Retype, word for word, every line of the records below starting at the one that contains "Moka and raw" and ending at the one that contains "Un peatón cruzando"; include both of those lines and nothing more.

··· EXERCISE MATERIALS ···

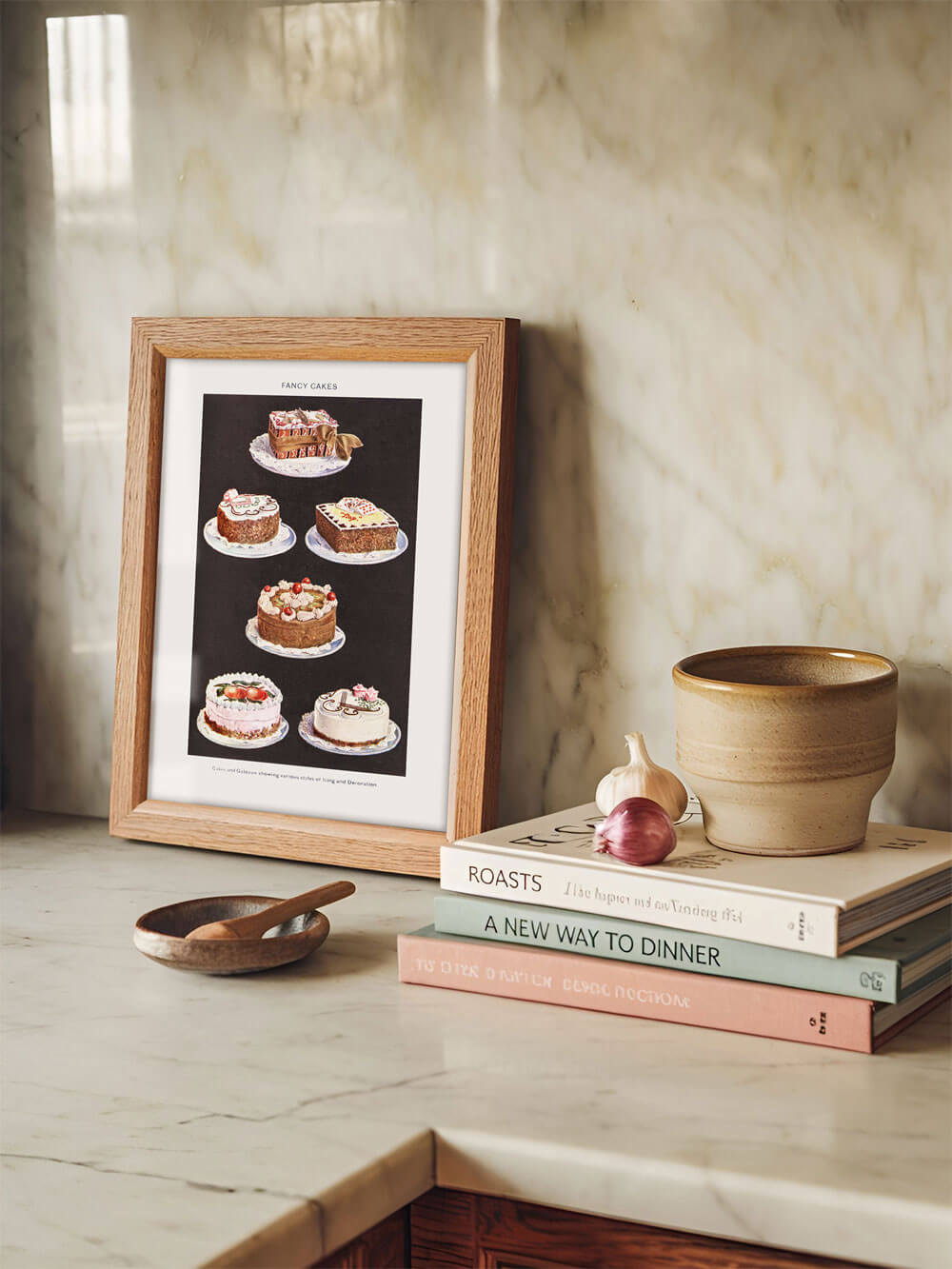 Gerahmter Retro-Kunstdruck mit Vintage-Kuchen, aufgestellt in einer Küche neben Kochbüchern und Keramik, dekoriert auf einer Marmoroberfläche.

···
··· EXERCISE MATERIALS ···

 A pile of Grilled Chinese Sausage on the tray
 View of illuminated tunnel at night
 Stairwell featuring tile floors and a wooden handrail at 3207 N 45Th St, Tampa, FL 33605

···
··· EXERCISE MATERIALS ···

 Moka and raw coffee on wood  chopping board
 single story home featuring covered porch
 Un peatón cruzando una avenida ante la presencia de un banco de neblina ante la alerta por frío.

···

FINISHED EXERCISE –
 Moka and raw coffee on wood  chopping board
 single story home featuring covered porch
 Un peatón cruzando una avenida ante la presencia de un banco de neblina ante la alerta por frío.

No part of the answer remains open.